The vote went seventy-one to sixty-nine, the Factor’s way. Michelle voted for the Factor’s proposal; Abram voted against. It was the first time Ean could recall that Michelle and Abram hadn’t voted the same way.

Emperor Yu, from the visitor’s gallery, volunteered Commodore Bach as the Lancastrian to accompany the prisoners.

“After all,” he told Michelle when they were back on the Lancastrian Princess, “we need someone we can trust to oversee the operation.”

Ean eavesdropped unashamedly.

“You honor us all.” Michelle looked cool and composed, but through the lines Ean could hear how utterly weary she was, could taste the bitterness and the exhaustion. She looked over to Commodore Bach. “I would appreciate it if you would go. I have the utmost trust in you.”

Bach bowed low. “Thank you. Be sure that everything I do, I do only for Lancia.”

— ⁂ —

Ean was on Confluence Station when the shuttleload of prisoners boarded the ship Lancia had provided for the trip back to the Worlds of the Lesser Gods. He waited with Sale and Orsaya while it jumped.

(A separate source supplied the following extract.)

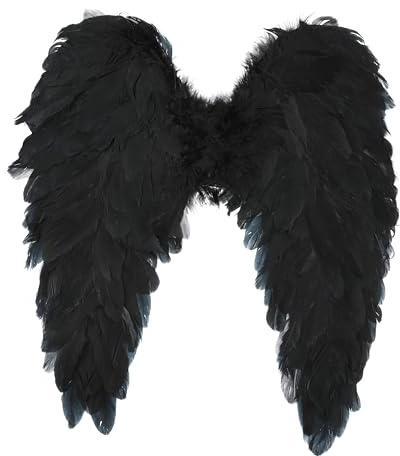KarneLux Fjäder vingängel – damkostym tillbehör för änglar, amor och kristen – perfekt för karneval, halloween eller teater – 45 x 45 cm (svart)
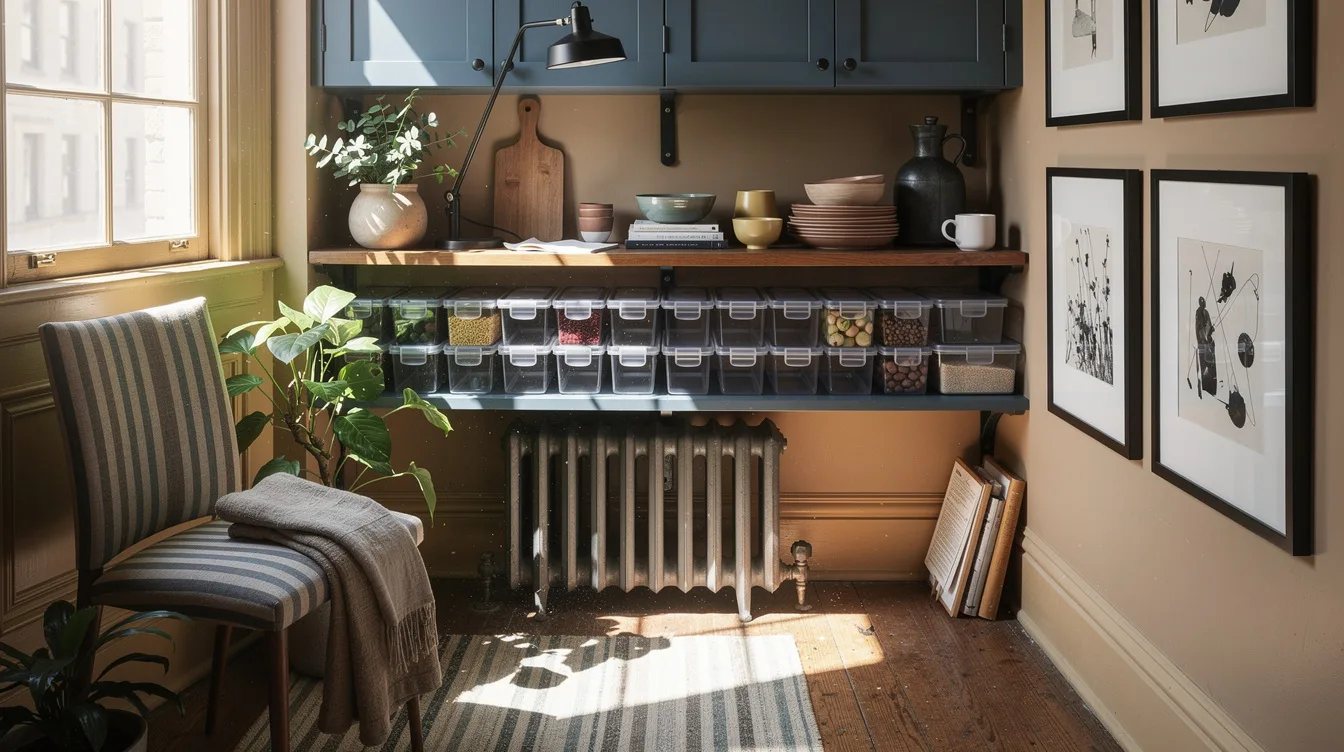 Repeat Slim Rectangles Across One Shelf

How had the Factor gotten a jump so quickly?

“One hopes Commodore Bach’s team is enough to cope with whatever the Worlds of the Lesser Gods puts forward,” Orsaya said.

Ean wasn’t sure he trusted Bach yet.

Renaud Han hadn’t called from Baoshan Barracks, either, so he didn’t know what was happening with Radko.

He had other things to worry about right now, for Abram, Katida, and MacClennan arrived at Confluence Station. All four admirals from the Department of Alien Affairs. Here to talk about the “incident” at line training yesterday.

Ean, Rossi, and Sale joined them.

Orsaya’s staff got them sandwiches and tea. Sometimes, Ean thought the only thing working soldiers ate was sandwiches.

No one talked about what had happened that morning at the council meeting. Instead they talked about the Factor’s initial visit to the Confluence. And about the visitors’ line knowledge in general.

“The Factor was fishing,” Orsaya said. “He’s heard stories about Lambert.”

“Maybe we shouldn’t keep it a secret anymore,” Abram said. “Enough people know or suspect by now. We also have Sattur Dow asking questions about things he shouldn’t know. Someone is feeding him information.”

“I thought you ran a tight ship, Galenos,” Orsaya said. “I can’t imagine your staff giving out information like that.”

Abram blew out his breath but didn’t say anything.

“Everyone on the Lancastrian Princess is reliable,” Sale said, her voice cold.

Orsaya smiled. “Well-spoken, Group Leader. We all know that. But Galenos is as aware as we are that someone is passing information to people like Dow. There is a high probability that someone is Lancastrian.”

It wasn’t anyone on the Lancastrian Princess.

“So we come now to yesterday’s problem,” Katida said. Ean didn’t know if it was a deliberate attempt to change the subject.